Recently, I had the honor of watching my 12 year old daughter, Savannah, hit the game winning homerun in her last regular season fast-pitch softball game. It was after the game that I started pondering the question, How far is too far in terms of experiencing joy for your own child? My conclusion was simple. There is no such thing as too far when it concerns JOY for your own child. However, there is such a thing as being obnoxious to other children's parents, and this is where this video becomes relevant.
Take a look at the video below, and then humor me as you read my explanation as to why I THINK this video is not too far in terms of obnoxiousness toward the other team's parents. At first glance, it will seem pretty over the top and silly, but read the explanation below to understand the context.
Over the course of this particular game I made the decision to cordially talk to the opposing team's parents who sat behind the fence on the third base side because every time my daughter came to the plate I wanted to video tape from that side because she bats left-handed.
So, every thirty minutes or so, I would show up to poke my video camera into the fence to video Savannah while she batted. I made small-talk with the other parents sitting there. I found out which kids were theirs and I complimented them when those particular players did well in the game.
By the last inning those parents were expecting me to come over and tape my daughter and they were enjoying the process. They even bought into my plight and were pulling for my daughter to get a hit each time. Savannah had a good game up to the last inning so it was fun going back and forth talking with these particular parents.

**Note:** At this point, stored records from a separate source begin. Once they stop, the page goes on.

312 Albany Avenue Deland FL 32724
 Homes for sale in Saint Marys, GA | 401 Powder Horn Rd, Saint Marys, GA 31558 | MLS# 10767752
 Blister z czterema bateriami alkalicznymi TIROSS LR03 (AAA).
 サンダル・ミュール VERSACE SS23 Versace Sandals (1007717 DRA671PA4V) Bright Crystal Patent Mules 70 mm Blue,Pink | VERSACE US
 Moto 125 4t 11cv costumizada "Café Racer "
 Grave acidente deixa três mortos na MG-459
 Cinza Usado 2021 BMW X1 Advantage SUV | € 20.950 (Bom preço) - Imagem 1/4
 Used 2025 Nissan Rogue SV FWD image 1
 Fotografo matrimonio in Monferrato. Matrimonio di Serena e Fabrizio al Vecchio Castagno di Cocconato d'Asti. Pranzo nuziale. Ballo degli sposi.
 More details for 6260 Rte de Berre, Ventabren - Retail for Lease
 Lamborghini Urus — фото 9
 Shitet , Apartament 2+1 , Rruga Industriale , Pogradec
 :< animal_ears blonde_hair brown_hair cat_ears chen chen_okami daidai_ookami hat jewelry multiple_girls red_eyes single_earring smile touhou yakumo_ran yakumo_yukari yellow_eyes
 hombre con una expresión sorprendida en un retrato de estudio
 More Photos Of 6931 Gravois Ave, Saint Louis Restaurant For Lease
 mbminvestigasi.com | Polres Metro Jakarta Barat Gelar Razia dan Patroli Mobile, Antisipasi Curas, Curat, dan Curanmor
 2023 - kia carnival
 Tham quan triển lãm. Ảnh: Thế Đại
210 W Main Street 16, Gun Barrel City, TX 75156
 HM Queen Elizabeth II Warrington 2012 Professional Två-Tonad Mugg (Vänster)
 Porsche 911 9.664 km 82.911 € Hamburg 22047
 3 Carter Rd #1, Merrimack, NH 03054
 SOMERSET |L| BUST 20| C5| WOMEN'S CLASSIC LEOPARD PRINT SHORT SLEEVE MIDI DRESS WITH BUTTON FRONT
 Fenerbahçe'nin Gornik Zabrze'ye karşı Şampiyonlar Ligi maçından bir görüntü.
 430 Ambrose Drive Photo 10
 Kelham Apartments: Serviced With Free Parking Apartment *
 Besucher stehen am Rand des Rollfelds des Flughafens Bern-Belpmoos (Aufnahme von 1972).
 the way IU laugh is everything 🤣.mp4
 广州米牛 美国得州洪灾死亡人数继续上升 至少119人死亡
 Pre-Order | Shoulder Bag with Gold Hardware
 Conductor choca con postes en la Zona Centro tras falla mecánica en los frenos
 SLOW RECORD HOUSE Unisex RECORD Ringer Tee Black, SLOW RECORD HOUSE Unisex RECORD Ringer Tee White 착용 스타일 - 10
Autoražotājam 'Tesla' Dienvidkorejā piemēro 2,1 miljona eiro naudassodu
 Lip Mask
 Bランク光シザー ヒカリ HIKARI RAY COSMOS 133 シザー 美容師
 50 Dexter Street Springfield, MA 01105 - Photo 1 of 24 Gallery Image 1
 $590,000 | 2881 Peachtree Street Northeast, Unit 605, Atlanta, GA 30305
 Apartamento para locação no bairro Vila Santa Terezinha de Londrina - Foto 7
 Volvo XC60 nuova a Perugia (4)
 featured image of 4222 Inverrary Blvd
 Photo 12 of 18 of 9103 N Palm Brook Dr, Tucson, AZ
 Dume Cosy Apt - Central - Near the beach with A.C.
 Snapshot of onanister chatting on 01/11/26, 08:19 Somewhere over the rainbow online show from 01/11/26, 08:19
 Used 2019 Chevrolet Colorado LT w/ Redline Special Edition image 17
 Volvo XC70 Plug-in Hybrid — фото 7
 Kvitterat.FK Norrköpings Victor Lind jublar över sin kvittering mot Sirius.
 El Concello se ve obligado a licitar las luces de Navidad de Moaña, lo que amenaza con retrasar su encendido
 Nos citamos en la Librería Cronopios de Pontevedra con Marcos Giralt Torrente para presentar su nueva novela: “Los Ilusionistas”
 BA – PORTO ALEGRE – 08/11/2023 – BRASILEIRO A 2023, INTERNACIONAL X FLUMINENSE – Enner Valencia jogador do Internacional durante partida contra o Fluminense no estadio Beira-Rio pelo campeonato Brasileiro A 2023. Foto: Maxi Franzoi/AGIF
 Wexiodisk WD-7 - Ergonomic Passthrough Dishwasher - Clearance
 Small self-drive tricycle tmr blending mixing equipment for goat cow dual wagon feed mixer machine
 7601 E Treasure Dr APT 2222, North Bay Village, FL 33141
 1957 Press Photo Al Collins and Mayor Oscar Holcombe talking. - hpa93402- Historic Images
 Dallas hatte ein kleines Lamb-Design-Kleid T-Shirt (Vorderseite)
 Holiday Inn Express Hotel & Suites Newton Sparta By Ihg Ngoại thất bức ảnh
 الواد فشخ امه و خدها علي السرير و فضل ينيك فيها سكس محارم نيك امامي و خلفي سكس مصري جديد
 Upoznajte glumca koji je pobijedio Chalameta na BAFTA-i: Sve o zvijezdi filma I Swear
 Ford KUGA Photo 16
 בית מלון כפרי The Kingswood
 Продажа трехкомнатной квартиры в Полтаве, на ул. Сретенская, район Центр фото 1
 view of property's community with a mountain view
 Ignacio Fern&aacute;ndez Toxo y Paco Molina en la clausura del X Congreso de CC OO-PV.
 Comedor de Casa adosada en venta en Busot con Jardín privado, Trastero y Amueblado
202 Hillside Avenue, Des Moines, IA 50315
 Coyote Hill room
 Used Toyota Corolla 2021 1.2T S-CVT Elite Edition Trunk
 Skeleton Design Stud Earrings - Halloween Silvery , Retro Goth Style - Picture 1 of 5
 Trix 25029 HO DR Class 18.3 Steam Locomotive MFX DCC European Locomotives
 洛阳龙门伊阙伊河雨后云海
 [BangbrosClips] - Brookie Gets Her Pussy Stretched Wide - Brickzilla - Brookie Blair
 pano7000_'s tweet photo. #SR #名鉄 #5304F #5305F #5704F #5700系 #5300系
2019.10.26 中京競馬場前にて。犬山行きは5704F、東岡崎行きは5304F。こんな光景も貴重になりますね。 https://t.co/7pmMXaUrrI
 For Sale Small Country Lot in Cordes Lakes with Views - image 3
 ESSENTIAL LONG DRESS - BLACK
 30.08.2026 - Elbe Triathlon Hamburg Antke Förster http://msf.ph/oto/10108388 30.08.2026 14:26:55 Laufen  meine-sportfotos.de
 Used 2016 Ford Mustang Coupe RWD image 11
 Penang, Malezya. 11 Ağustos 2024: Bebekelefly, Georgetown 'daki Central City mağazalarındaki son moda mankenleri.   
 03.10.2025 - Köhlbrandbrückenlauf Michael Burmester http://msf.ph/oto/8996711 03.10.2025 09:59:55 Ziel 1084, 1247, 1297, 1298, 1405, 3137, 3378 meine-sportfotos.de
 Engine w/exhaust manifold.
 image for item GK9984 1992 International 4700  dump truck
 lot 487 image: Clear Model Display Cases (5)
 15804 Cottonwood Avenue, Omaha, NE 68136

Thirty minutes prior to this last at bat shown in the video I actually said to the parents sitting there that if it timed out right, Savannah's next at bat could feasibly be to win the game, and if that happened I warned them that I would lose my mind yelling for her. They laughed at this comment and sort of said something to the effect of,
If that happens, we'll understand.
(Keep in mind, I predicted this could happen while the score was 4 to 0 and Savannah was 7 batters away from batting again going into the last inning!
I have never made fun of a parent of a player who I coached who I saw going crazy when their child did something spectacular. In fact, I was probably running down the sidelines making a fool of myself following their child when it was happening!
The joy you hear in my voice during this video is joy brought about over the course of a twelve week season from dozens of conversations with my daughter about how much she actually wanted to just finally hit a home-run and knowing she never had before. It's brought about from the joy of knowing how she asked me repeatedly to take her to the field to throw batting practice to her by herself so she could learn to hit better.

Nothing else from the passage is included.